A while back I tried recreating an image from Kate moss's shoot in playboy of this year.
(NSFW)

http://www.nssmag.com/data/images/galle … 014202.jpg

specifically the one on the right. My partner had a projector in the studio, and I made up some overlays and gave it a try. It didn't turn out bad, but the digital project made somewhat of a mess with the skin. I wish I had some kind of analog projector.  What i noticed is that all over the skin is a grid pattern from the digital projection.

I've looked at a full size scan of the Kate moss one from the issue, and it seems they either used an analogue projector or a digital one which doesn't project that kind of pixel grid pattern.

Any ideas on cleaning something like this up?

Here is an example. this is not a keeper, but clearly shows the issue at hand.
http://imgur.com/xxTgUh0

Obviously I'd like to avoid this in the future, I've been googling and I've just found out this is called the "Screen door effect" and they suggest DLP projectors don't suffer from this? anyone got one and can confirm?

Dec 17 14 02:20 am Link

Retoucher

CLICK retouch

Posts: 235

Denver, Colorado, US

I'll list a couple of things of the top of my head, but this is really too much effort, it's easier to reshoot.

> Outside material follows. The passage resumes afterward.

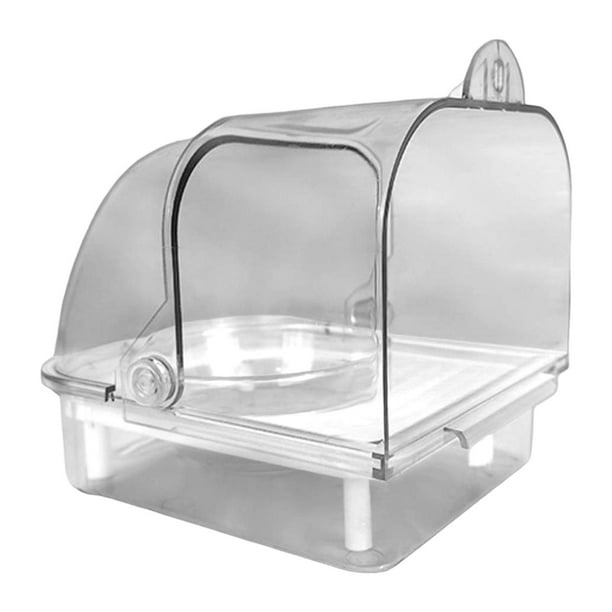 Baño para pájaros con comedero, accesorios para jaulas de pájaros, comedero para pájaros, bañera para periquitos. Claro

-Selection based on high pass. Make a high pass layer, then use threshold to make a mask for a lighten adjustment. Refine the mask.
-Dodge and burn.
-Make lighten/color correction layers using selective color.
-Hue saturation and go into individual channels to adjust hue/saturation/luminosity.
-Inverted high pass blurred by a third.

Dec 17 14 07:25 am Link

Photographer

MC Seoul Photography

Posts: 469

Seoul, Seoul, Korea (South)

Thanks, I'll try some of those.

Right now not exactly easier, someday it will be. We're looking for an affordable DLP projector here in Korea first, but the girl who likes to shoot this stuff with me is in India for a few months. So I've got a little time to see if I can't clean up one or two of the good ones.

Dec 17 14 04:23 pm Link

Photographer

NothingIsRealButTheGirl

Posts: 35726

Los Angeles, California, US

Dec 17 14 05:03 pm Link

Photographer

MC Seoul Photography

Posts: 469

Seoul, Seoul, Korea (South)

I've seen that. No pentax support out of the box, so I'd have to find an adapter that worked with it, or buy some cannon lens.

Then I'd have to print transparencies.

I like to experiment a lot, so I may create or download random patterns or things to use. I'd have to see how much of a hassle it'd be here in Korea to get those transparencies created. if I can find a second hand DLP projector around $200 or so I might go for that. We've already got the computer to run it. If not, maybe I'll look into making transparencies. I do like the projector a little more because it's easier to line up intricate patterns. and you don't have to fiddle with focus quite so much.

I guess this is a price vs ease of use issue with that light blaster. But it is pretty cool.